Miguel Herrero-García
Actividades culturales
El vigésimo aniversario de la muerte de Menéndez y Pelayo ha sido recordado con mayor intensidad y más emoción que ningún año. Aparte los numerosos artículos que sobre el eminente polígrafo aparecieron en toda la Prensa antirrepublicana, la Sociedad «Acción Española» celebró una sesión solemne, en la que estudiaron la figura de Menéndez y Pelayo, desde distintos puntos de vista, D. Miguel Herrero, D. Luis Araujo Costa, D. Pedro Sáinz Rodríguez y D. Ramiro de Maeztu.

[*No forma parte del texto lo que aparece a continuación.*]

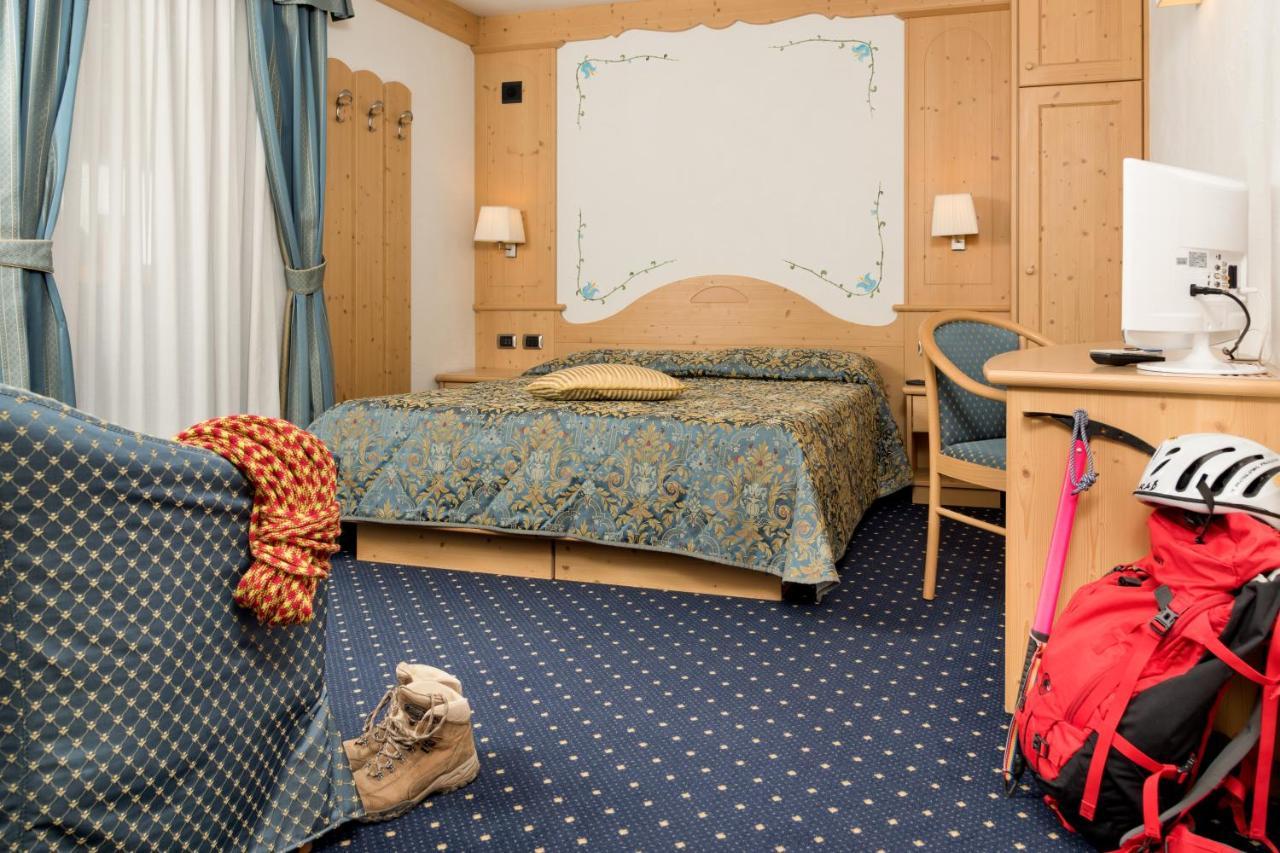 Hotel Garni Lastei 博萨迪法萨 外观 照片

Conmemoramos hoy, dijo el primer orador, el aniversario de la muerte de Menéndez y Pelayo. La figura del gran maestro goza de la eminente preeminencia de experimentar las alzas y bajas que experimenta la idea y el sentimiento de la patria. Hace pocos años, cuando aún estaba más fresca la memoria de su vida, y existían todavía muchos de sus conocidos y amigos, esta fecha del 19 de mayo pasaba casi inadvertida. Solamente en algunas Cátedras de Letras humanas rendíamos ciertos profesores el sencillo homenaje del recuerdo al maestro perdido. Era que en esos años, estaba en crisis el sentido patrio, estaba en crisis la idea misma de España. En cambio hoy, que el concepto geográfico e histórico de España, se convierte en el concepto universal de Hispanidad, hoy que las heridas, de la patria nos han hecho sentir que somos parte vital de ella, puesto que nos duelen como heridas nuestras, hoy la figura de Menéndez y Pelayo se acrecienta y su recuerdo aflora a la superficie de la conciencia española. No puede hacerse mayor elogio de un mortal, que verlo crecer y menguar en función de todo su pueblo, como crece y mengua el mar al ritmo de las antorchas celestes. La Historia no puede hacerle mayor favor que [652] sacar verdaderas aquellas palabras de Arturo Farinelli: «La voce sua era como la voce di un populo intero; nel suo cuore era il palpito del cuore dei milioni». O aquello de Ricardo León:
«Era la patria; mientras él vivía,
Por virtud de su numen soberano,
Sobre el haz del imperio castellano
La luz del viejo sol no se ponía.»
La Sociedad «Acción Española» encuentra en esta fecha la primera ocasión de acatar el magisterio de Menéndez y Pelayo, y de reconocer públicamente que nuestra actuación de hoy se enlaza con el plan trazado hace sesenta años por el autor de La Ciencia Española. Hace sesenta años, Menéndez y Pelayo, sobre los males de España, formuló este diagnóstico: La juventud actual se ha formado en los clubs.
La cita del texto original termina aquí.